Work to complete: Without the pictures, return each record as it appears.

Caption-style text data
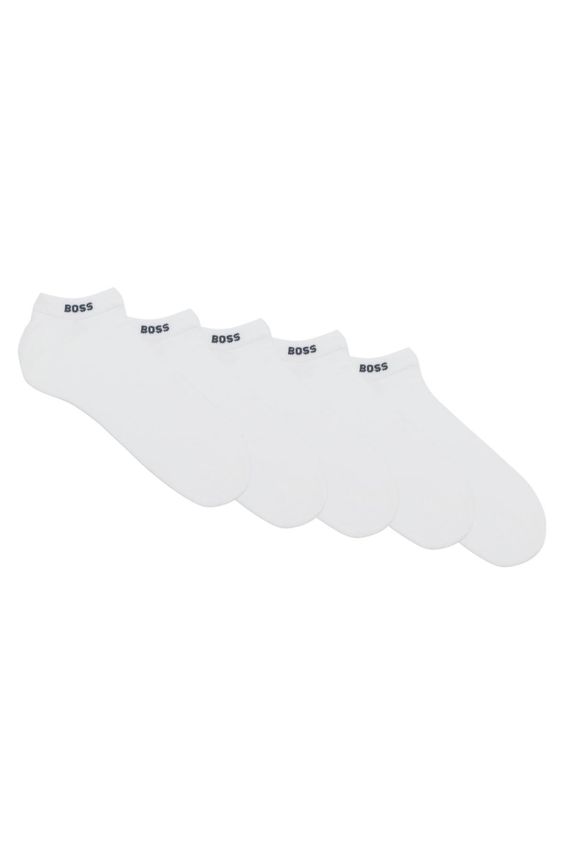 5p As Uni Cc 10244663 01 fra Boss Black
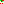Destellos dst-4311892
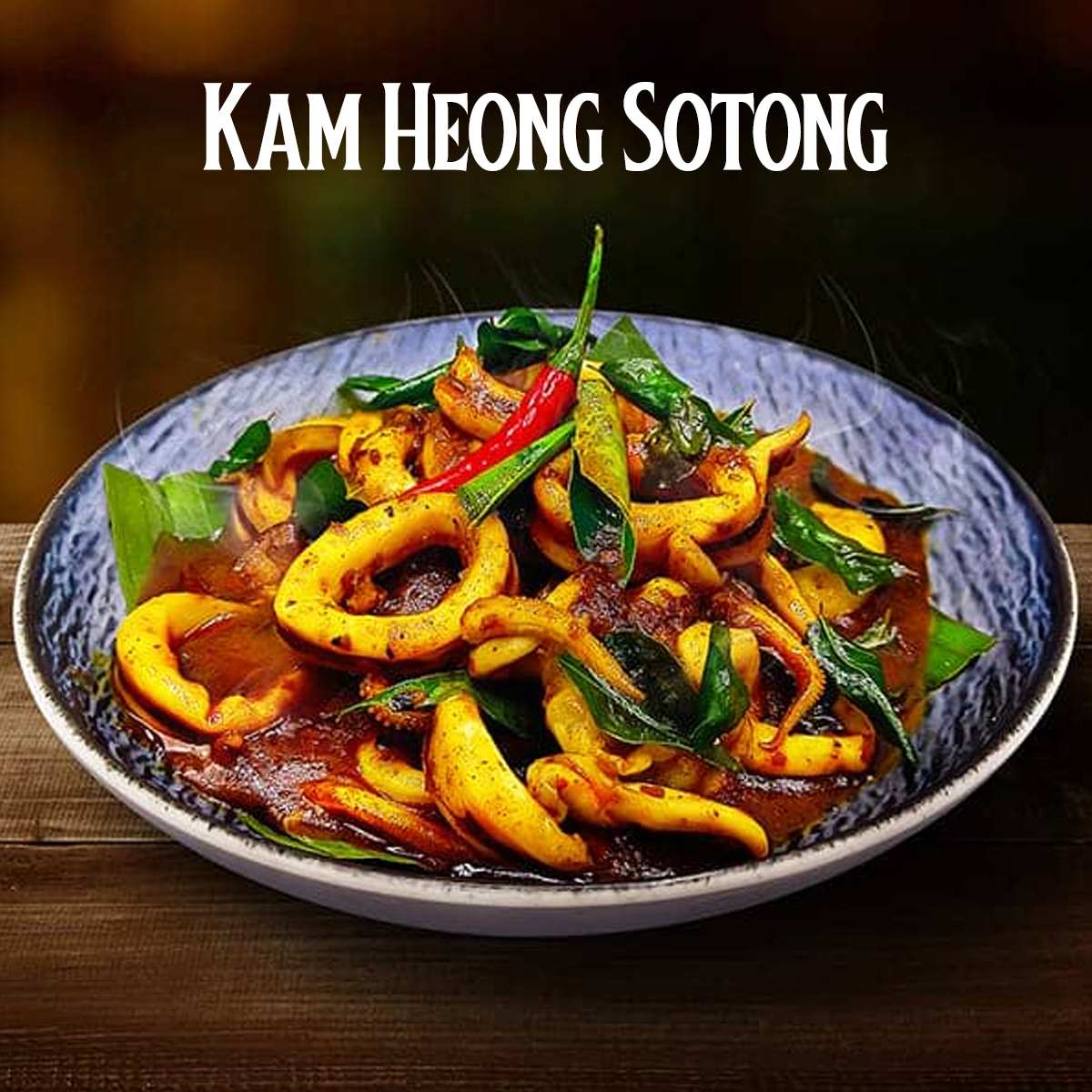 PK-Kam-Heong-Sotong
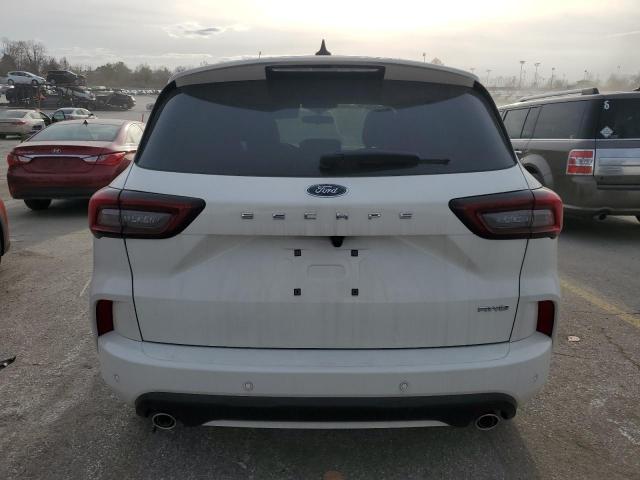 2024 FORD ESCAPE ST - 1FMCU9MN5RUA72681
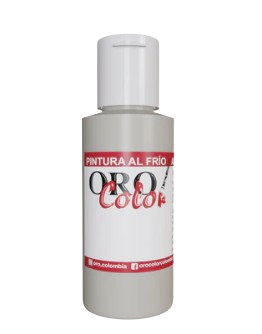 PINTURA AL FRIO GRIS SAGE 60CM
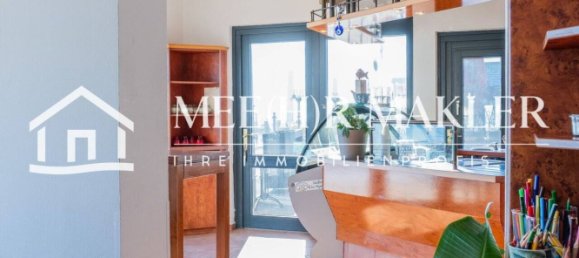 Café / restaurant à Ostholstein, Germany No. 36451 9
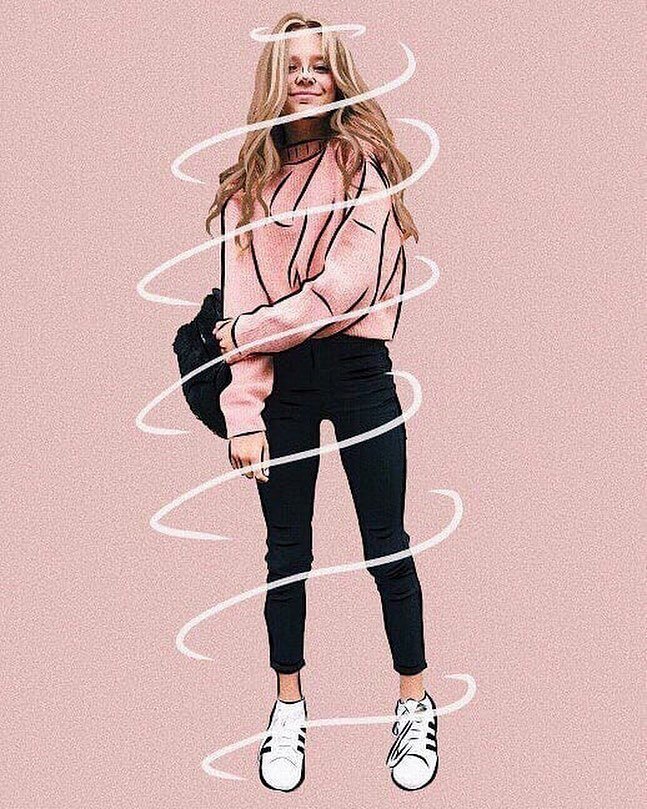 Арт) | Wiki | #БЛОГЕРЫ1 Amino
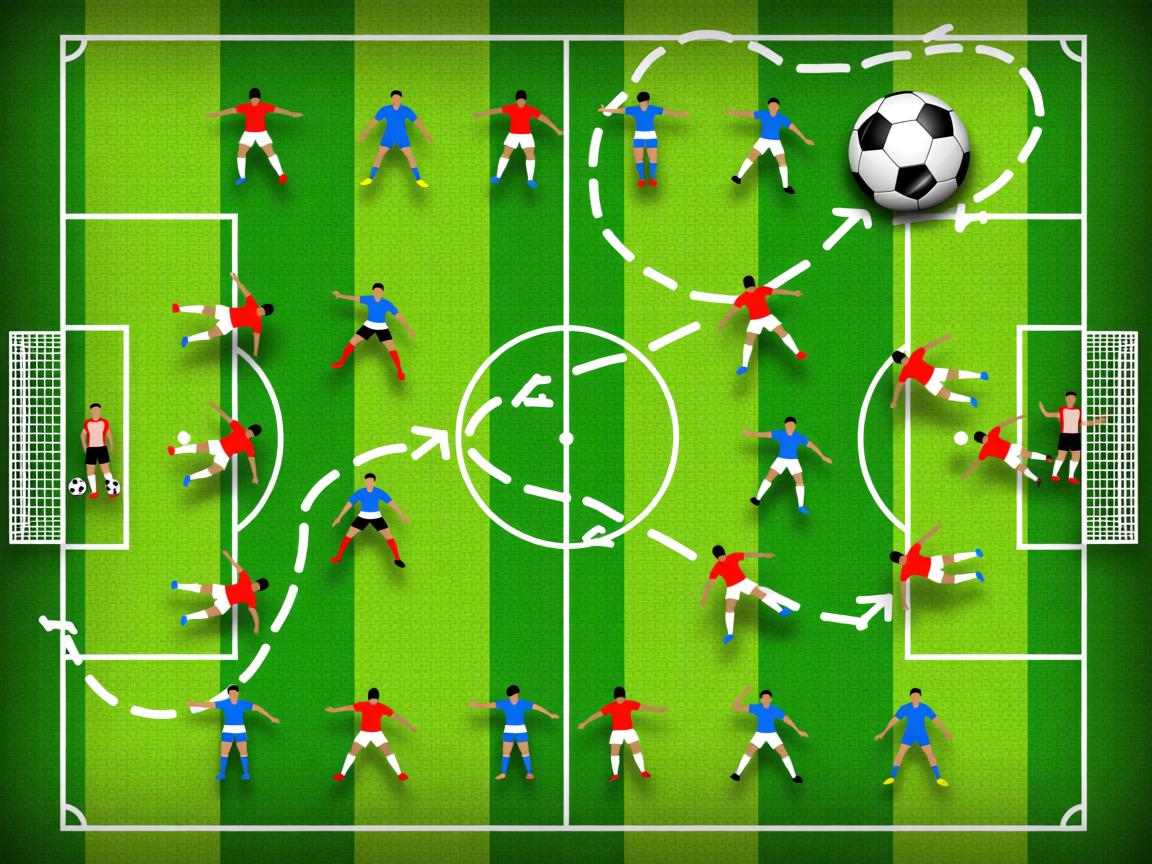 九游体育官网-印度队在2024年国际乒联混合团体世界杯中的进步与挑战，印度世预赛  第3张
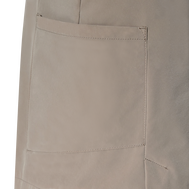POCKET SKORT WMN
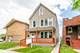 5024 W 32nd, Cicero, IL 60804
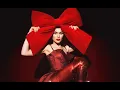 Lagu Christmas Day Jessie J (Live) #christimas #jessiej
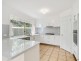 116 Valley Drive, Tallebudgera QLD 4228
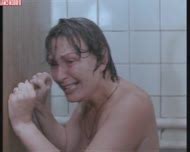 Mariya Zubareva Nude Pics Videos Sex Tape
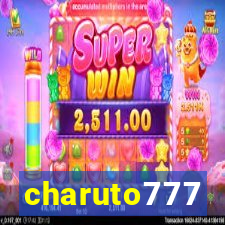 charuto777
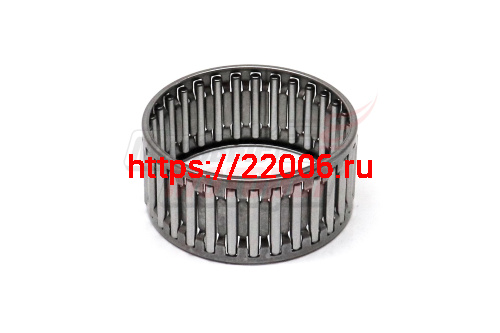 Подшипник кпп игольчатый шестерни зад.хода Hover (SC-1701273)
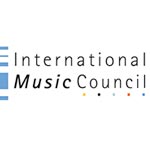 La Tunisie abrite le 3ème forum mondial de la Musique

Exercise response:
 5p As Uni Cc 10244663 01 fra Boss Black
Destellos dst-4311892
 PK-Kam-Heong-Sotong
 2024 FORD ESCAPE ST - 1FMCU9MN5RUA72681
 PINTURA AL FRIO GRIS SAGE 60CM
 Café / restaurant à Ostholstein, Germany No. 36451 9
 Арт) | Wiki | #БЛОГЕРЫ1 Amino
 九游体育官网-印度队在2024年国际乒联混合团体世界杯中的进步与挑战，印度世预赛  第3张
POCKET SKORT WMN
 5024 W 32nd, Cicero, IL 60804
 Lagu Christmas Day Jessie J (Live) #christimas #jessiej
 116 Valley Drive, Tallebudgera QLD 4228
 Mariya Zubareva Nude Pics Videos Sex Tape
 charuto777
 Подшипник кпп игольчатый шестерни зад.хода Hover (SC-1701273)
 La Tunisie abrite le 3ème forum mondial de la Musique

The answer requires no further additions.